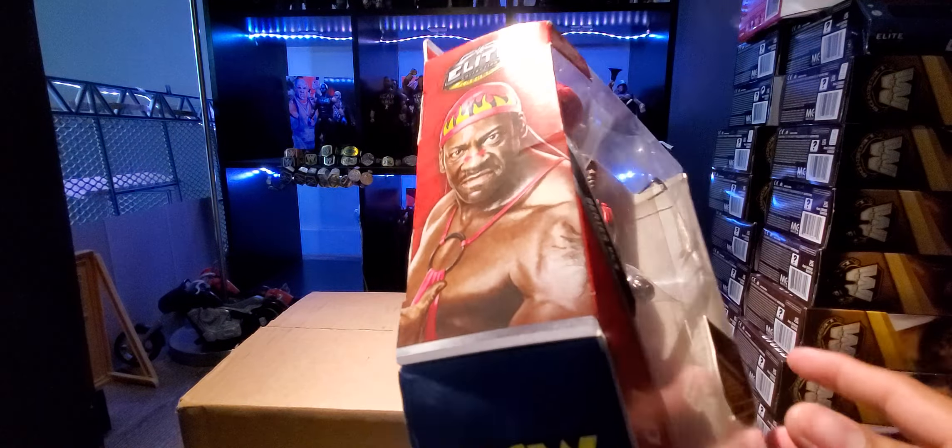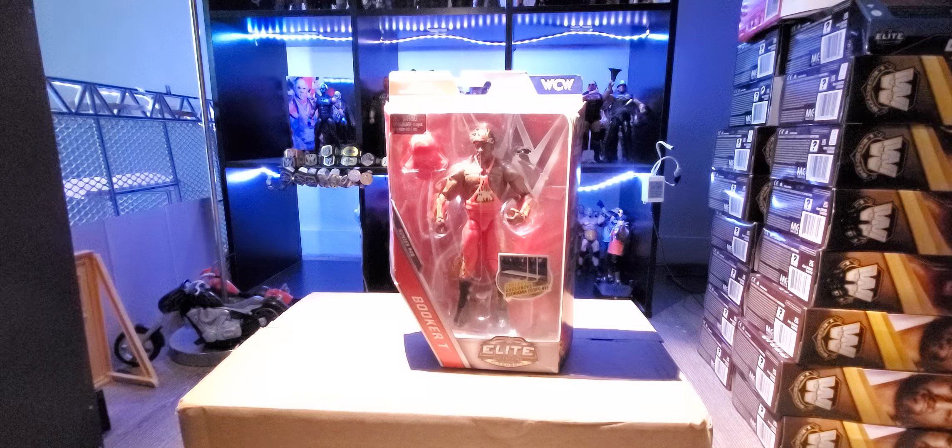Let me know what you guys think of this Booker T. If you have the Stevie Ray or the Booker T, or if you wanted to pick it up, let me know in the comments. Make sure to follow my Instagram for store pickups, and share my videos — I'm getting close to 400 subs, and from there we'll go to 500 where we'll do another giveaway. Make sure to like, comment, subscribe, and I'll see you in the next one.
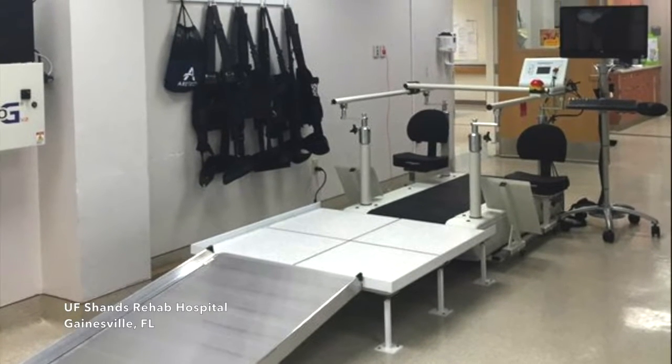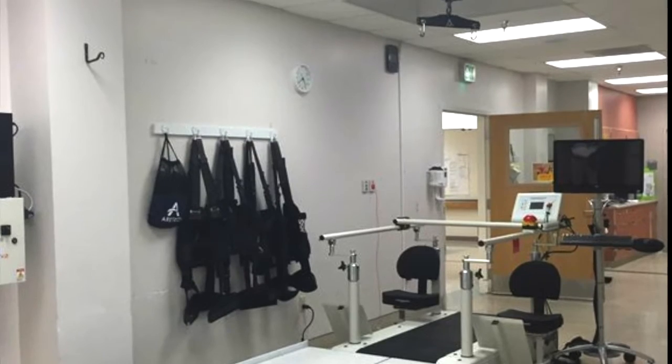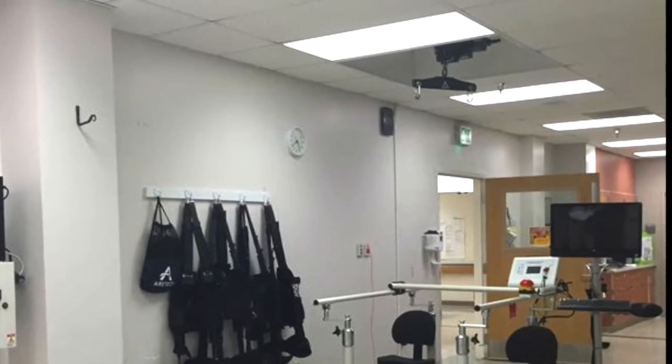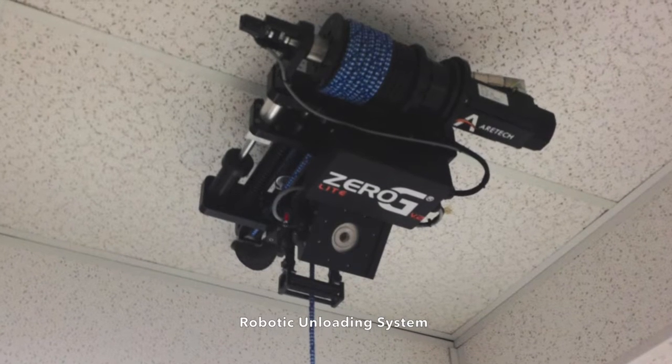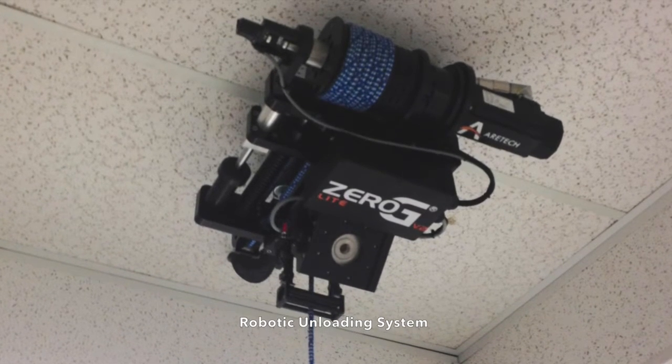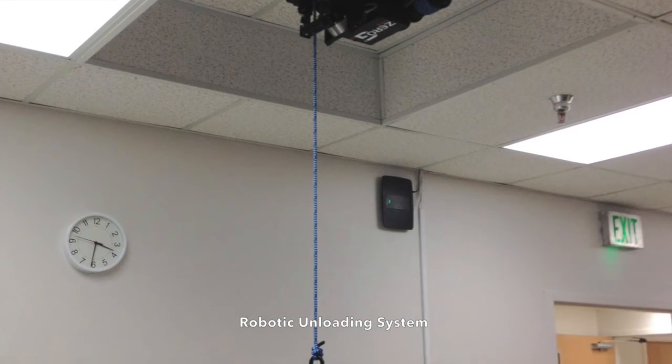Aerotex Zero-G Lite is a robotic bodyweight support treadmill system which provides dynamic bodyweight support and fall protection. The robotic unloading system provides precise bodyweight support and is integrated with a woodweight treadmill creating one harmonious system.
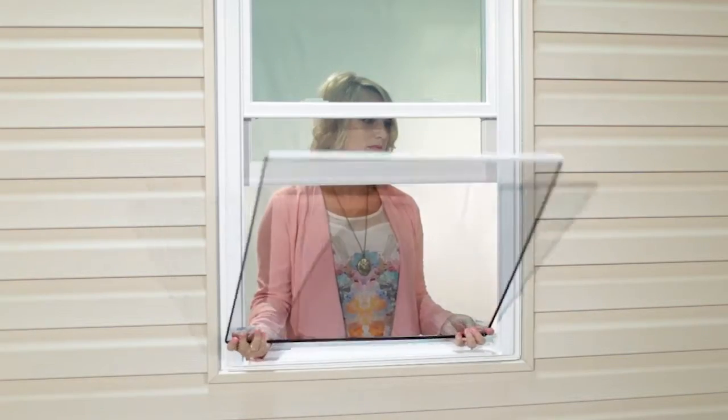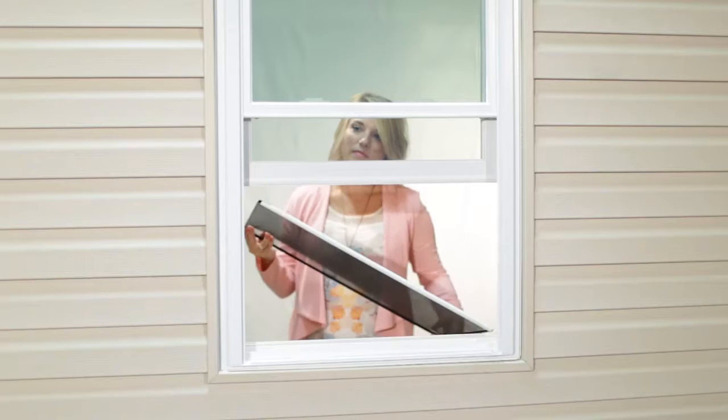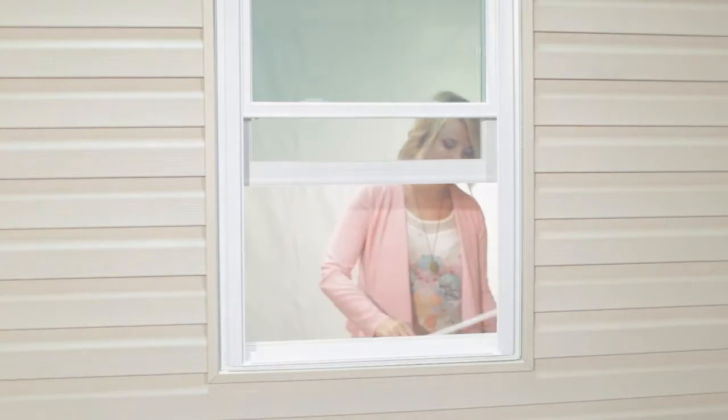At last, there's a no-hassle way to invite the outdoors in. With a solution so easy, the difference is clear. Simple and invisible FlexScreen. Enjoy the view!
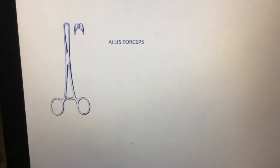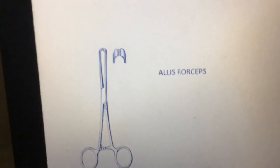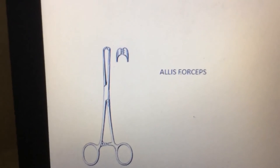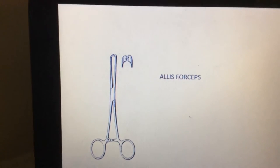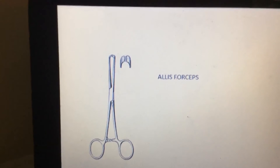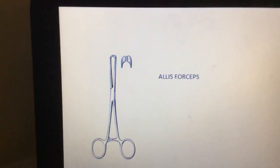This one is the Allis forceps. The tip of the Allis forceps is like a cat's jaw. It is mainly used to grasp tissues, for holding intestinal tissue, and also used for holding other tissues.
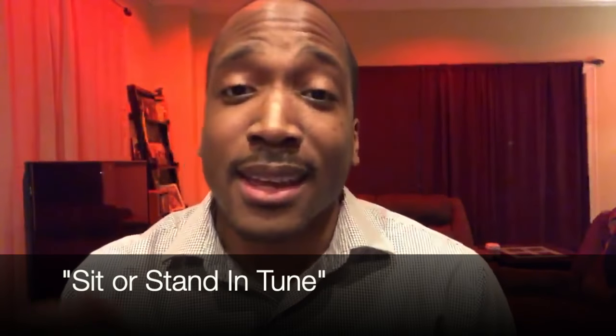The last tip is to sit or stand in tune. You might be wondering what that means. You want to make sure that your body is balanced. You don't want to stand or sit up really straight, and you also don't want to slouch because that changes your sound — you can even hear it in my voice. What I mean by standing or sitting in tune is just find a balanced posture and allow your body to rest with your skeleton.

######

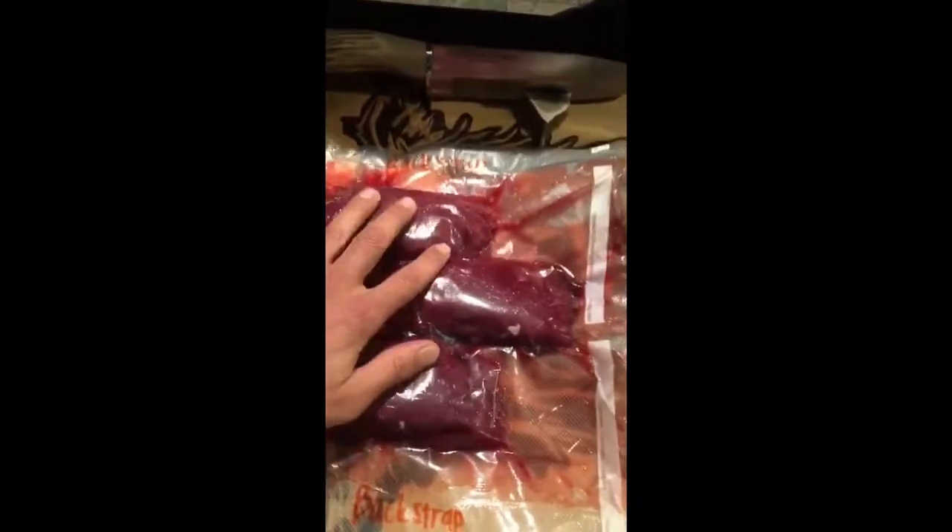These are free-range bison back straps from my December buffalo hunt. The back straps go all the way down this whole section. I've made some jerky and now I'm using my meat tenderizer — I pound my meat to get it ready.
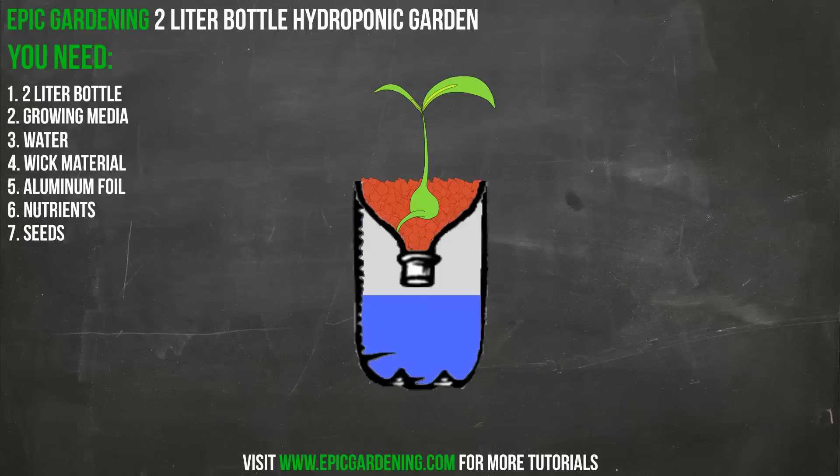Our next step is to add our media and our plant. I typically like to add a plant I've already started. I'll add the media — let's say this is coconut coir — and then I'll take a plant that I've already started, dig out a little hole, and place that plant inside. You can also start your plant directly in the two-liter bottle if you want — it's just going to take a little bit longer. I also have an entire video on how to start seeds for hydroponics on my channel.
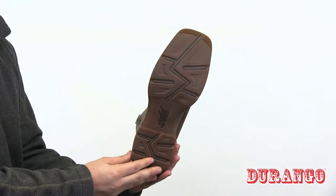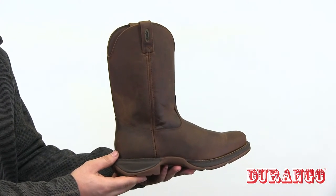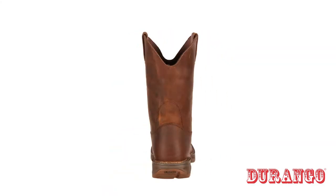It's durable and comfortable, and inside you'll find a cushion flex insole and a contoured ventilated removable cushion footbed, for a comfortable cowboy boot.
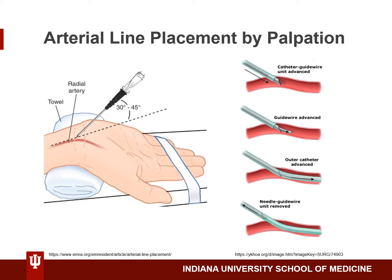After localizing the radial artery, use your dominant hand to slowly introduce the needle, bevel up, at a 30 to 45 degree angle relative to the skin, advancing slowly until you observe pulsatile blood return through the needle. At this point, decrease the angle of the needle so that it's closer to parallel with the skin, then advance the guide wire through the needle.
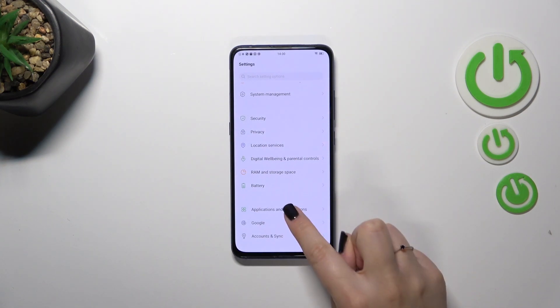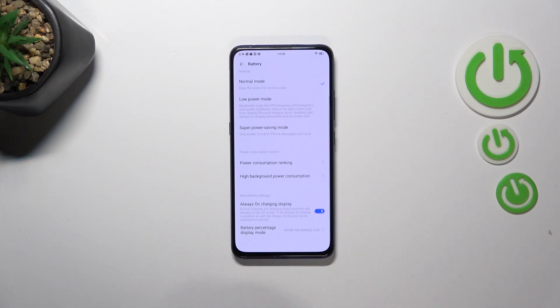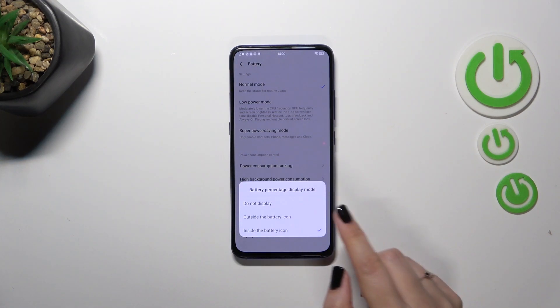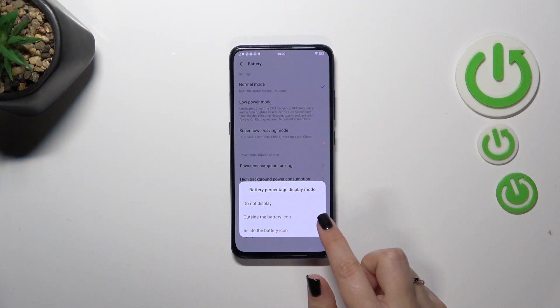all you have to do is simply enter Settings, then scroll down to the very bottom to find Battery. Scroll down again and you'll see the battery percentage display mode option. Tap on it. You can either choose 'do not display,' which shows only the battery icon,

######

* Directions for this task: From the records above, write out exactly the lines that begin at the line with "This one is" and end at the line with "The last tip". Pictures must not appear in the output.

* Response area:
This one is the Allis forceps. The tip of the Allis forceps is like a cat's jaw. It is mainly used to grasp tissues, for holding intestinal tissue, and also used for holding other tissues.
The last tip is to sit or stand in tune. You might be wondering what that means. You want to make sure that your body is balanced. You don't want to stand or sit up really straight, and you also don't want to slouch because that changes your sound — you can even hear it in my voice. What I mean by standing or sitting in tune is just find a balanced posture and allow your body to rest with your skeleton.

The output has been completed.